Uma das mais importantes diretoras e coreógrafas do mundo, Deborah Colker traz a sua companhia para três apresentações no Teatro Tivoli em novembro. Nos dias 21, 22 e 23, Colker mostra “Cão Sem Plumas”, reconhecida pelo renomado Prix Benois de la Danse na categoria coreografia. O espetáculo é baseado no poema homónimo de João Cabral de Melo Neto (1920-1999). O poeta tem profundas ligações com Portugal, já que viveu por cinco anos no Porto (1982-1987) como diplomata.

 

O espetáculo é sobre coisas inconcebíveis, que não deveriam ser permitidas. É contra a ignorância humana. Destruir a natureza, as crianças, o que é cheio de vida”, diz Colker, que completa: “Cabem a elegância do clássico, a lama das raízes e o olhar contemporâneo. O nome disso é João Cabral”, explica a diretora que, entre tantos espetáculos aclamados pela crítica e público com sua Companhia, foi ainda a primeira mulher a criar e dirigir um espetáculo para o Cirque du Soleil: Ovo, grande sucesso em Lisboa.

 

Cão Sem Plumas” já foi apresentado em mais de 50 cidades brasileiras, tendo um público de mais de 400 mil pessoas, e, internacionalmente, nos Estados Unidos, França, Reino Unido, Alemanha e Uruguai.
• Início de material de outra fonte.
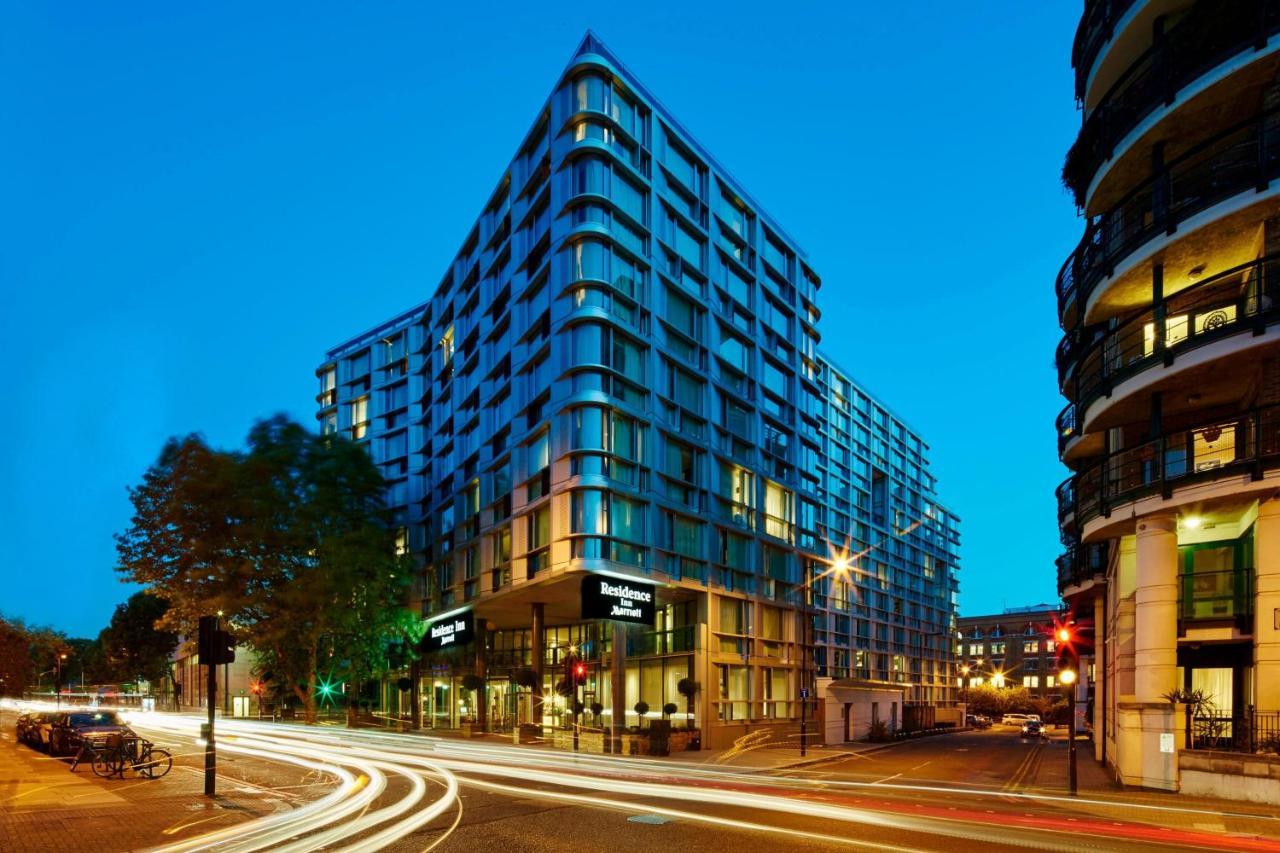 Residence Inn By Marriott London Kensington Ngoại thất bức ảnh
Publicado em 1950, o poema de João Cabral de Melo Neto acompanha o percurso do Rio Capibaribe, que corta boa parte do estado de Pernambuco. Mostra a pobreza da população ribeirinha, o descaso das elites, a vida no mangue, de “força invencível e anônima”. A imagem do “cão sem plumas” serve para o rio e para as pessoas que vivem no seu entorno.

 

No espetáculo, dança mistura-se com o cinema. Cenas de um filme assinado por Deborah e pelo pernambucano Cláudio Assis –  realizador de longas como os premiados “Amarelo Manga”, “Febre do Rato” e “Big Jato” – são projetadas no fundo do palco e dialogam com os corpos dos 14 bailarinos. As imagens foram registadas em novembro de 2016, quando coreógrafa, cineasta e toda a companhia viajaram durante 24 dias pelo interior do estado de Pernambuco, passando pelo sertão e agreste, até chegar à capital, Recife.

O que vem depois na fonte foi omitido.